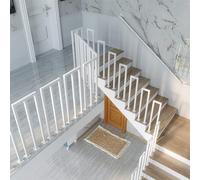 Indoor Outdoor Railing Kit - Non-Slip Metal Step Balustrade Safety Grab Bars for Balcony Corridor Lofts & Garden - 95CM (3.2FT) White Support Rod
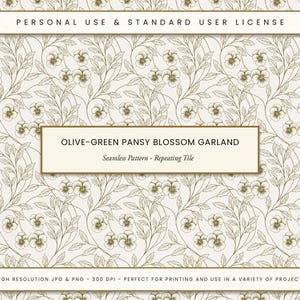 Olive Pansy Blossom Garland Seamless Pattern, Vintage Floral Toile Style, Elegant Line Art Botanical Tile, Classic Digital Fabric Print PNG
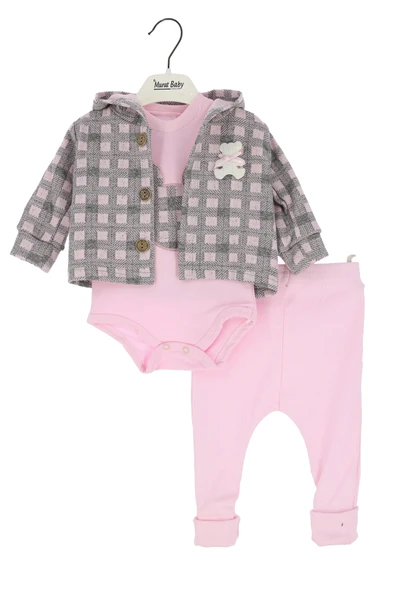 Kız Bebek Takım Üç Parça Hırka Düğmeli Ayıcık Fiyonklu
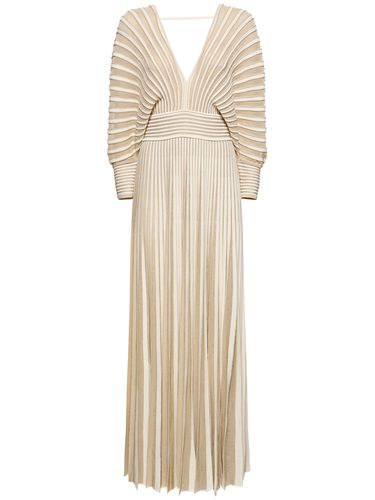 Robe Longue En Maille À Plis - ELIE SAAB - Modalova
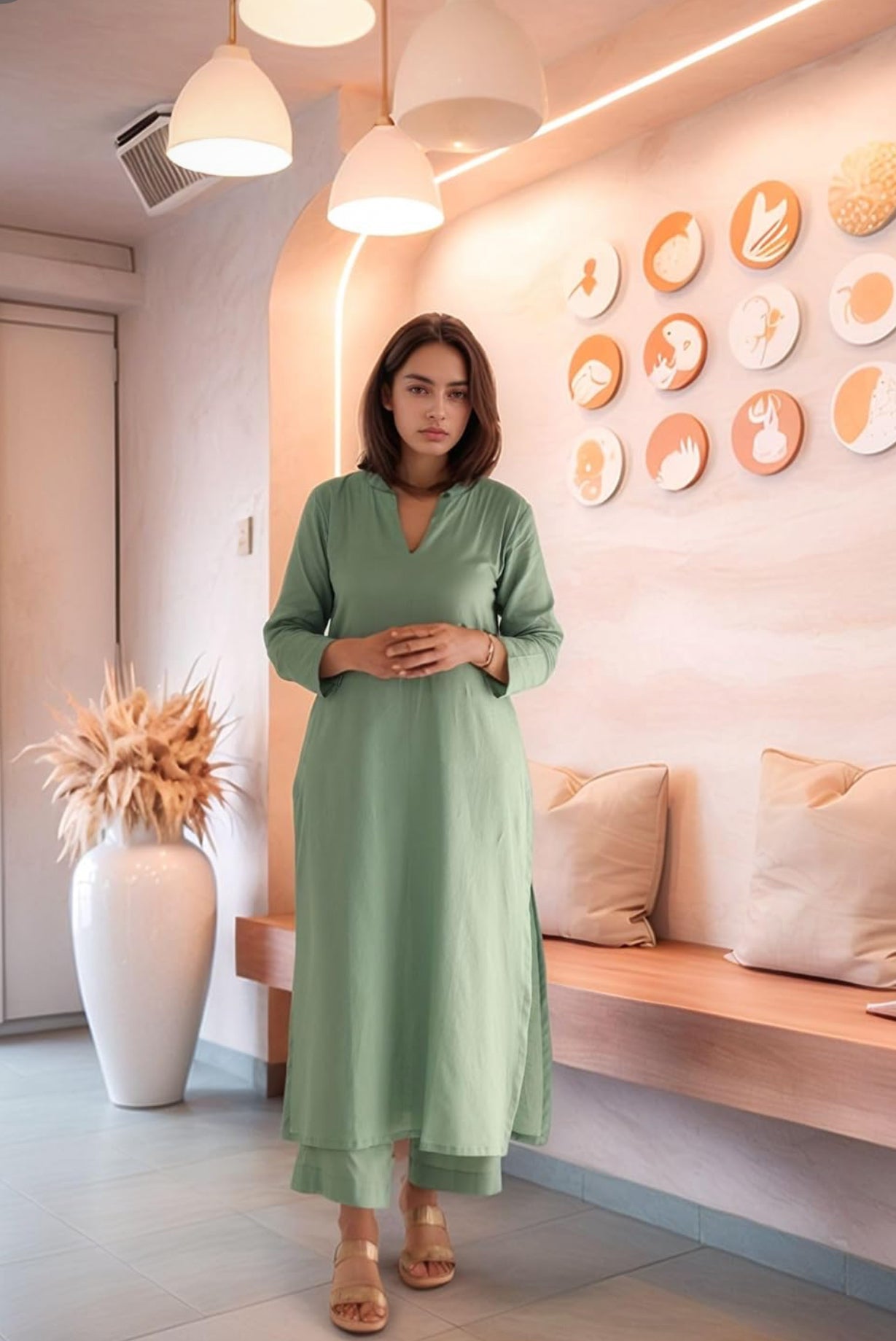 Pastel Green and Pink Kurta Set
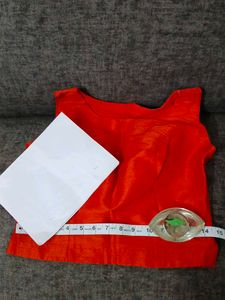 Orange raw silk  choli cut never used Blouse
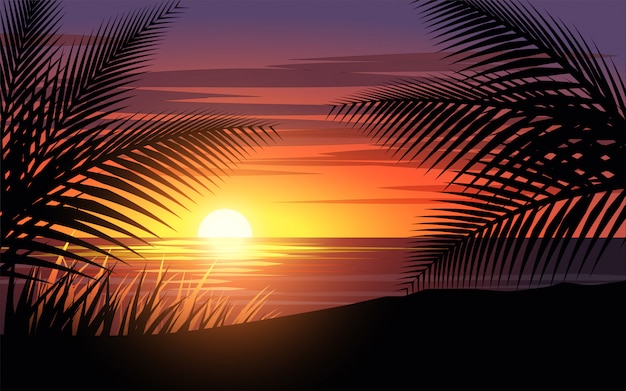 Vektor palmenschattenbild bei sonnenuntergang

● ● ●

WHAT NEEDS TO BE DONE:
Pictures stay out, but every record above is to be returned exactly.

REPLY:
 Indoor Outdoor Railing Kit - Non-Slip Metal Step Balustrade Safety Grab Bars for Balcony Corridor Lofts & Garden - 95CM (3.2FT) White Support Rod
 Olive Pansy Blossom Garland Seamless Pattern, Vintage Floral Toile Style, Elegant Line Art Botanical Tile, Classic Digital Fabric Print PNG
 Kız Bebek Takım Üç Parça Hırka Düğmeli Ayıcık Fiyonklu
 Robe Longue En Maille À Plis - ELIE SAAB - Modalova
 Pastel Green and Pink Kurta Set
 Orange raw silk  choli cut never used Blouse
 Vektor palmenschattenbild bei sonnenuntergang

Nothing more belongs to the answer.